• _AIM OF THE TASK_: Lower down are entries containing pictures. Copy exactly, without those pictures, the lines from the line with "Woodland animals card." through the line with "WINSEE Pet Harness".

• _DATA SECTION_:
== Segment start ==
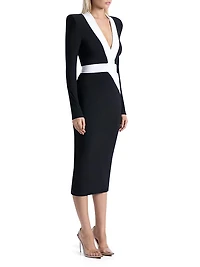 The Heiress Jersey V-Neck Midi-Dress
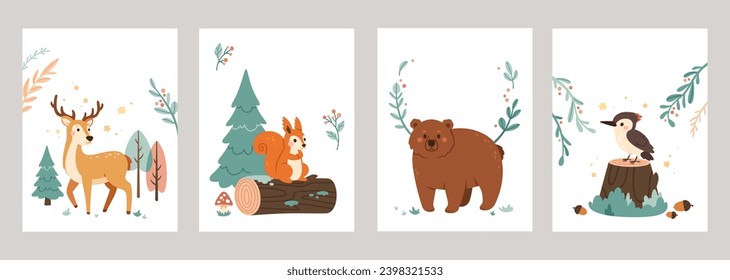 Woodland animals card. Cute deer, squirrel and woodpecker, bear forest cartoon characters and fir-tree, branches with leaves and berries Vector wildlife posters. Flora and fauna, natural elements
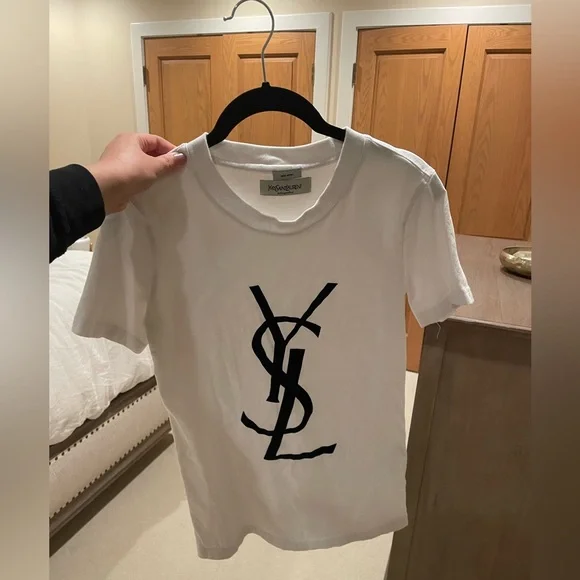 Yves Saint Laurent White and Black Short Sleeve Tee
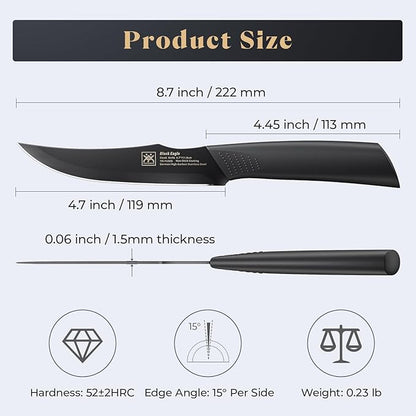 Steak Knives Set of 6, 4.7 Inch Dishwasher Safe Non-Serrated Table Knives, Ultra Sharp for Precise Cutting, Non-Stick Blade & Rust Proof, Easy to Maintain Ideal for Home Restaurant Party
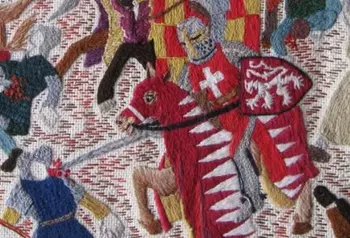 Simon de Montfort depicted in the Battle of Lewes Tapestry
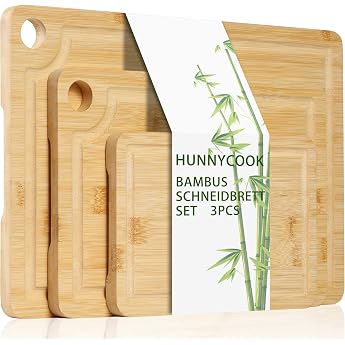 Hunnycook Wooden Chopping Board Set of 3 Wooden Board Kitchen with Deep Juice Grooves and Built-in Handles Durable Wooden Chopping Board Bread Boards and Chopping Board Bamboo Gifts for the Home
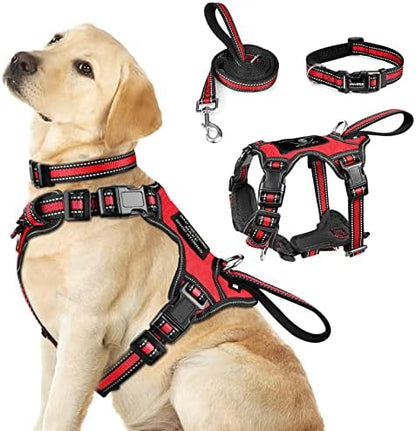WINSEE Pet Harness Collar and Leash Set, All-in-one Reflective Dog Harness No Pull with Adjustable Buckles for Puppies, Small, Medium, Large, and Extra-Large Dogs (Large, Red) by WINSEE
== Segment end ==
== Segment start ==
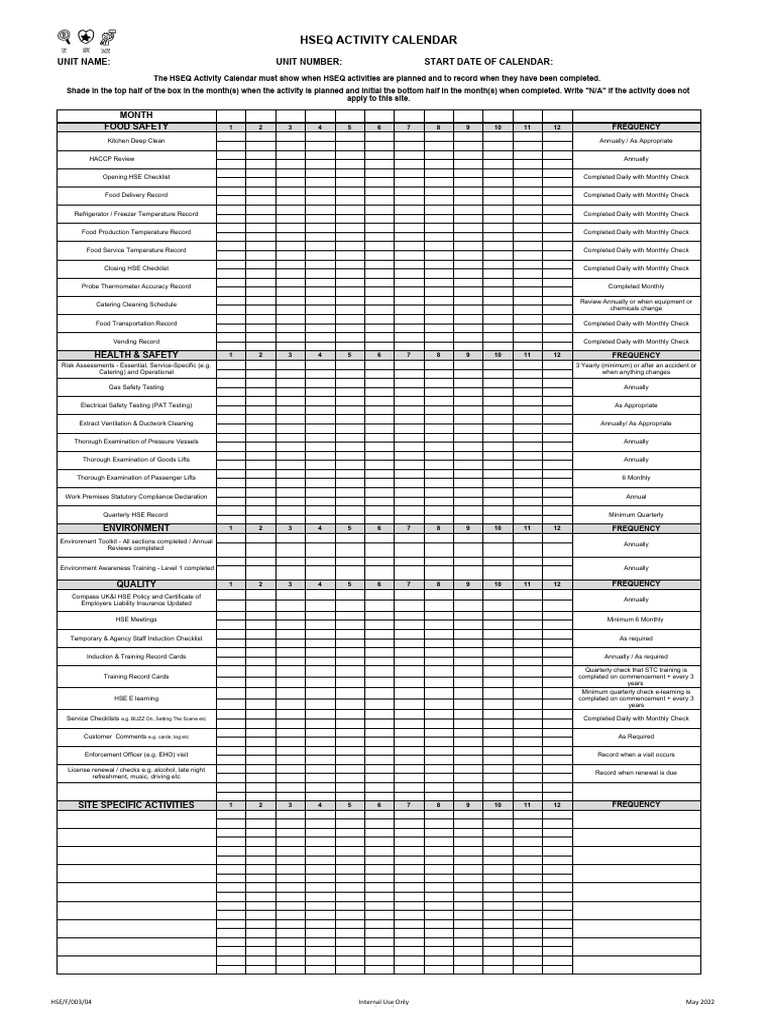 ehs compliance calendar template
== Segment end ==
• _RESPONSE_:
 Woodland animals card. Cute deer, squirrel and woodpecker, bear forest cartoon characters and fir-tree, branches with leaves and berries Vector wildlife posters. Flora and fauna, natural elements
 Yves Saint Laurent White and Black Short Sleeve Tee
 Steak Knives Set of 6, 4.7 Inch Dishwasher Safe Non-Serrated Table Knives, Ultra Sharp for Precise Cutting, Non-Stick Blade & Rust Proof, Easy to Maintain Ideal for Home Restaurant Party
 Simon de Montfort depicted in the Battle of Lewes Tapestry
 Hunnycook Wooden Chopping Board Set of 3 Wooden Board Kitchen with Deep Juice Grooves and Built-in Handles Durable Wooden Chopping Board Bread Boards and Chopping Board Bamboo Gifts for the Home
WINSEE Pet Harness Collar and Leash Set, All-in-one Reflective Dog Harness No Pull with Adjustable Buckles for Puppies, Small, Medium, Large, and Extra-Large Dogs (Large, Red) by WINSEE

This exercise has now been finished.